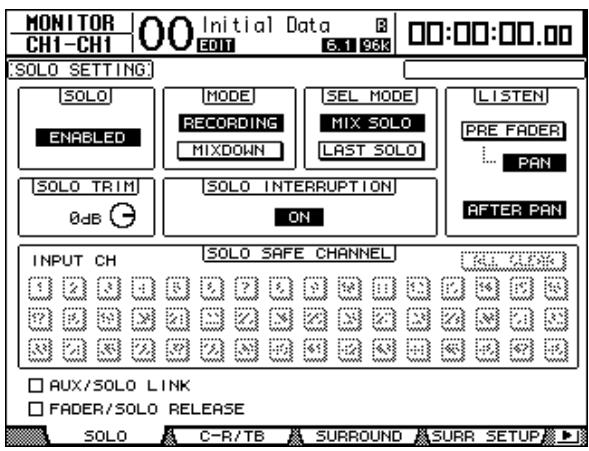 YAMAHA DM 1000 - Isoler des envois AUX au moyen des boutons [AUX 1]~ [AUX 8] - 1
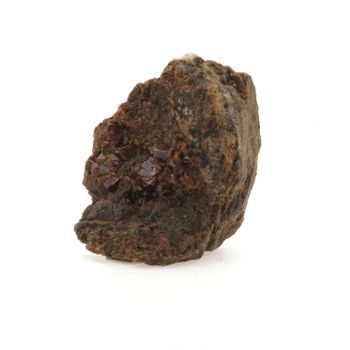 Grosular -andradite Grenat - Piedra Natural De Francia, Pyrénées -orientales - Mineral Raro Con Anfíbol Verde | 193.2 Cts - Certificado De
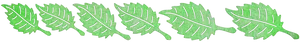 Rowof Green Leaves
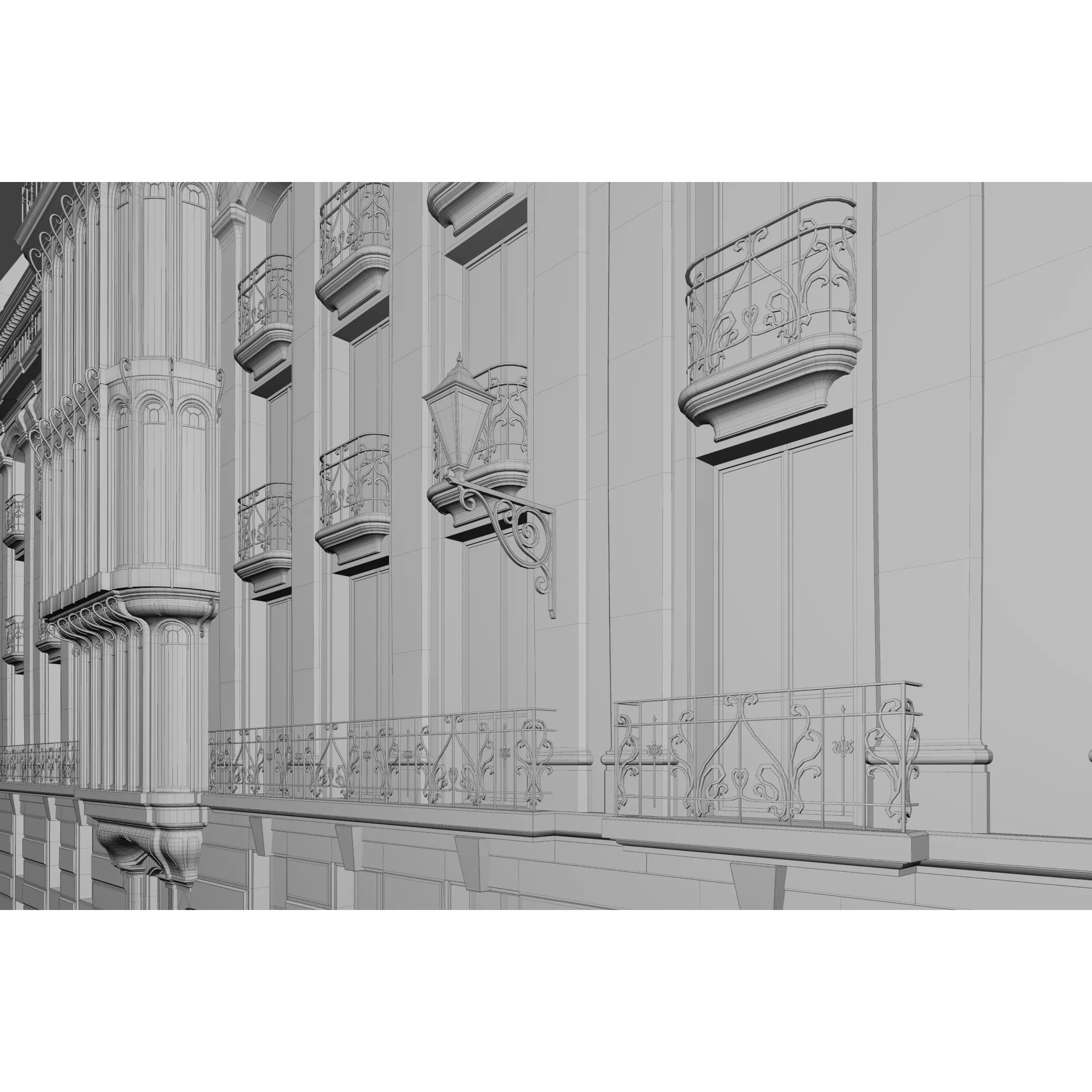 Paris Boulevard - Detailed Architectural 3D Model - View 148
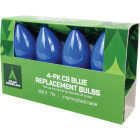 Home Impressions C9 Blue Ceramic 125V Replacement Light Bulb (4-Pack) Image 3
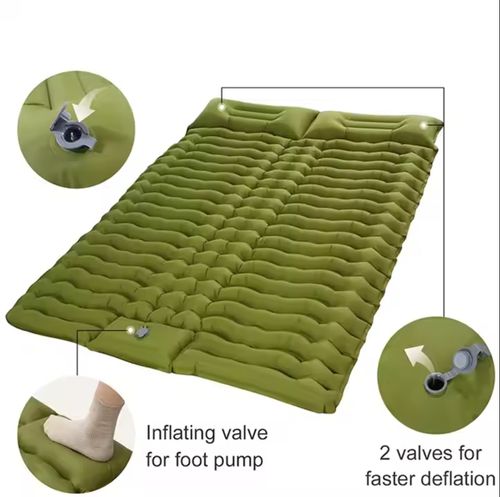 Lit double gonflable portable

__WHAT IS REQUIRED__.
With the pictures omitted, write out exactly the lines from the one that contains "Home Impressions C9" through the final line of the material above, both ends included.

__WRITTEN REPLY__.
 Home Impressions C9 Blue Ceramic 125V Replacement Light Bulb (4-Pack) Image 3
 Lit double gonflable portable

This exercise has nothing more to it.